The idea is to categorize these fields into three broad areas: green, yellow, and red. The proposed framework for field determination rests on National Security Decision Directive 189 (1985) — which establishes that fundamental research results should remain unrestricted “to the maximum extent possible” and that “where national security requires control, the mechanism for control is classification” — and the NSDD Federation of American Scientists policy directive on technology transfer.⁶

The core of the system would be a tiered technology list, such as that proposed below, distinguishing among the following: 

• Tier 1 (Green): Fully open (NSDD-189 applies)
• Tier 2 (Yellow): Allied collaboration only (e.g., the Five Eyes intelligence coalition of Australia, Canada, New Zealand, the UK, and the US and select partners), registered with an approved entity
• Tier 3 (Red): Classified and/or US only

Complex considerations would be needed for a tier 2 assignment.
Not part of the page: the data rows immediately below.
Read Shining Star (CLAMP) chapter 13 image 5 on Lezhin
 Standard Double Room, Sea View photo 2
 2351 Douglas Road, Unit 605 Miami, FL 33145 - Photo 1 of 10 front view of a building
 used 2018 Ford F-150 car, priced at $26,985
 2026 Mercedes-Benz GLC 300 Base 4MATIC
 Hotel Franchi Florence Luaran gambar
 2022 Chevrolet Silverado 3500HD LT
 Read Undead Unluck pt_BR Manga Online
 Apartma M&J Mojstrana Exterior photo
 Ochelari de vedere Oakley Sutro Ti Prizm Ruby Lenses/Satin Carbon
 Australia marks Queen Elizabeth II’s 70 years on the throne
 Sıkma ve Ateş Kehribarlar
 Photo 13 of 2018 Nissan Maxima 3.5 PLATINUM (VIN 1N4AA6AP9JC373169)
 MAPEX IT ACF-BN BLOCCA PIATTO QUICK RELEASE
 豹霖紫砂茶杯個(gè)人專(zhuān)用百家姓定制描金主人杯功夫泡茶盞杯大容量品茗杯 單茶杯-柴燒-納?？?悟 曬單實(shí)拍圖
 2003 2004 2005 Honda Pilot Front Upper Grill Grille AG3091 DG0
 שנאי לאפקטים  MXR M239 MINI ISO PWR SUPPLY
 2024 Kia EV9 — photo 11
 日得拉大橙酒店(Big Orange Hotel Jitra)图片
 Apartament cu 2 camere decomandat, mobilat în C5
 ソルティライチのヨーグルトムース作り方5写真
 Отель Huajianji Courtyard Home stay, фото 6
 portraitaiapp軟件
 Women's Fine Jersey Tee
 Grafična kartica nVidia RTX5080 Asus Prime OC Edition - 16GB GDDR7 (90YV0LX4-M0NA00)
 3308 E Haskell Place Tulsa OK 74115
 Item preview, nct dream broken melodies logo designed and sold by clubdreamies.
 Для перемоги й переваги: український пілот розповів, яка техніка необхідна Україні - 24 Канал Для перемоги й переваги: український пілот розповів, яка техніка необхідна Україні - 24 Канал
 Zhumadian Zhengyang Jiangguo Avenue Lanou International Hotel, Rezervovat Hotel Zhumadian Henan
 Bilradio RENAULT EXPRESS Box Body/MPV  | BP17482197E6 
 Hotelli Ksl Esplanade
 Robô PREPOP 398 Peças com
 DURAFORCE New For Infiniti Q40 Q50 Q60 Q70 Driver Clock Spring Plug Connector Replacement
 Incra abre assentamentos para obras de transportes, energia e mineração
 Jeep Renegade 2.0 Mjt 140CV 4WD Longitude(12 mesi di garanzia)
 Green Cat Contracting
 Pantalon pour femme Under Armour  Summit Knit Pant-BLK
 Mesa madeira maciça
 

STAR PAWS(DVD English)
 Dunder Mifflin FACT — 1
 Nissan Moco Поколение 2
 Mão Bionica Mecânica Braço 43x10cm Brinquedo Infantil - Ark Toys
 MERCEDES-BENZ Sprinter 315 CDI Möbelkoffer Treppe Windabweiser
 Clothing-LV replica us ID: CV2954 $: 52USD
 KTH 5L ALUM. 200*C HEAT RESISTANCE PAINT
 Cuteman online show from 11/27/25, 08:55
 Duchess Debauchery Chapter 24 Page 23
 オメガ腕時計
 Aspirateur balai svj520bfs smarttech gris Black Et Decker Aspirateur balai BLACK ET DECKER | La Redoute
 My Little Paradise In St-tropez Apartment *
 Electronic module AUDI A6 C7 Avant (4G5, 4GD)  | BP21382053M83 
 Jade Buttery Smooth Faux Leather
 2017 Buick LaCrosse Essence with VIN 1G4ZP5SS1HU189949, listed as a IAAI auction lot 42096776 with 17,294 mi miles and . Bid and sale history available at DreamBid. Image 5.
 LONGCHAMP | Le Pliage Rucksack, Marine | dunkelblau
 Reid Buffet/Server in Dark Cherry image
This area would likely be the intersection of the following: 

• Direct military application, where collaboration enhances US capacity
• High strategic value with dual-use potential, where collaboration enhances US capacity
• Active foreign intelligence targeting where care needs extra scrutiny and consultation
• Limited global supply chains that need extra scrutiny and consultation
• Fields where foreign expertise and access are in US interests.

This system would be supplemented by a notification mechanism that tracks yellow-light research projects, personnel, and international collaborations without imposing full export-control burdens.

Green light fields: Criteria for full NSDD-189 openness

For a field to qualify for unrestricted international collaboration under NSDD-189, it should meet most or all of these conditions:

1. It should address inherently transnational problems that cannot be solved within national boundaries, such as:

• Pandemic preparedness and infectious disease (excepting select agents and controlled pathogens)
• Climate science and atmospheric modeling
• Seismology and earthquake early warning
• Oceanography and marine ecosystems
• Biodiversity and conservation biology

2. There should be long-term horizons for application. This would involve basic science, where military or strategic relevance is distant and where US capacity is enhanced by openness, such as the following fields:

• Fundamental physics (e.g., cosmology, particle physics, condensed matter theory)
• Pure mathematics
• Evolutionary biology
• Paleontology and geology
• Astronomy and astrophysics (non-space systems)

3. If results are already in the public domain or are rapidly disseminated worldwide.  This would mean no meaningful advantage from restriction or where restrictions do not inhibit the diffusion of knowledge or capacity, such as the following fields:

• Genomics and bioinformatics (excepting synthetic biology with dual-use potential)
• Ecology and environmental science
• Agricultural science (e.g., crop resilience, soil science, sustainable practices)
• Public health and epidemiology

4. If there are shared infrastructure dependencies. This type of collaboration improves US access rather than eroding advantage, and the US cooperates with other countries to sustain large-scale, single-point infrastructure that advances scientific research, such as:

• Large-scale scientific facilities (e.g., particle accelerators, telescope networks, ocean drilling)
• Standardization and metrology
• Research data infrastructure and reproducibility methods

5. If there is a humanitarian imperative, meaning restriction would cause disproportionate harm to vulnerable populations, and US cooperation with other countries’ expertise or needs meets criteria for global welfare without transferring critical knowledge, including the following:

• Neglected tropical diseases
• Food security research
• Disaster preparedness and response
• Water and sanitation science

Yellow light fields

The smart openness yellow category creates a middle tier — unclassified but restricted or subject to consultation. Collaboration may be limited to allies or subject to safeguards. For the smart openness framework, the question becomes one of research imperative, where cooperation offers the United States a strong incentive to seek or welcome foreign partners because of the clear gain of function it provides. This yellow tier is unclassified but requires guided consideration, reciprocity verification, clear US interest, or Five Eyes restrictions.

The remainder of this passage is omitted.